Review: Pray for Silence by Linda Castillo
By John ValeriJune 8, 2018
Pray for Silence by Linda Castillo is the second book in the Kate Burkholder series, where Chief of Police Kate Burkholder must confront a dark evil to solve the mysterious murders of an entire Amish family.
Criminal Element’s Linda Castillo reread was a welcome opportunity to revisit the author’s Kate Burkholder mysteries, set amidst Ohio’s Amish Country. I’d read and enjoyed her debut, Sworn to Silence—admittedly due in part to Lifetime’s casting of Neve Campbell in the role for their telefilm adaptation. Then, a steady stream of more recent books and imminent deadlines thwarted my plans to continue. So when this coverage was announced, I immediately signed up for Book Two.
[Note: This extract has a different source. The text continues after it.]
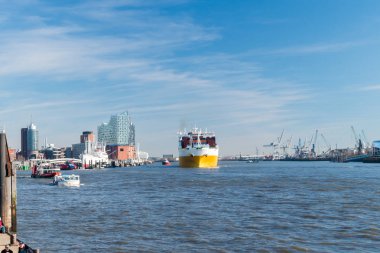 Nehir Elbe Grande Luanda kargo gemisi ile.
Pray for Silence opens during the early morning hours when third-shift officer Chuck “Skid” Skidmore, already jittery from an overindulgence of coffee, nearly runs down a local farmhand whose screams have pierced the quiet. This man—having emerged from the shadows surrounding the Plank family home in Painters Mill—is clearly distressed and utters, “Mein Gott!” before dissolving further into shock. Though Skid doesn’t speak Pennsylvania Dutch, the sheer terror punctuating those words transcends language. Asked to clarify the situation, the farmhand responds: “Amos Plank. The children. There is blood. They are dead!”
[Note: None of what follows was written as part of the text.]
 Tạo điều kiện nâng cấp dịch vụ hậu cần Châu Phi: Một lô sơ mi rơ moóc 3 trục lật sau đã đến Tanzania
Chief of Police Kate Burkholder is soon summoned to the grisly scene at the farmhouse where she counts seven dead bodies—two adults, two teenage girls, two boys, and a baby. While most of the family was dispatched by gunshot, the adolescent girls, found strung up in a barn, show evidence of prolonged torture and possible rape. Burkholder—who was raised in adherence to the Plain Life herself before opting out of an Amish existence—is aghast at the sadism to which they were subjected and has a rare visceral reaction to the violence that’s been done:
The thought makes me sick. The terribleness of it frightens me on a level so deep that for a moment I can’t catch my breath. I’ve never been a crier, but I feel the burn of tears at the back of my eyes … I choke back a sound I don’t recognize. A sound that echoes the barrage of emotions banging around inside me … I look at the two dead girls, and I feel the crushing weight of my responsibility to them settle onto my shoulders. I’ve heard veteran cops talk about life-altering cases. Cases that haunt a cop long after they’re closed. I’ve had cases like that myself. Cases that fundamentally changed me. Changed the way I view people. The way I perceive my job as a cop. The way I see myself … Standing there with the stench of death filling my nostrils, I know this is going to be one of those cases. It’s going to take a toll. Not only on me, but on this town I love and a community that’s already seen more than its share of violence.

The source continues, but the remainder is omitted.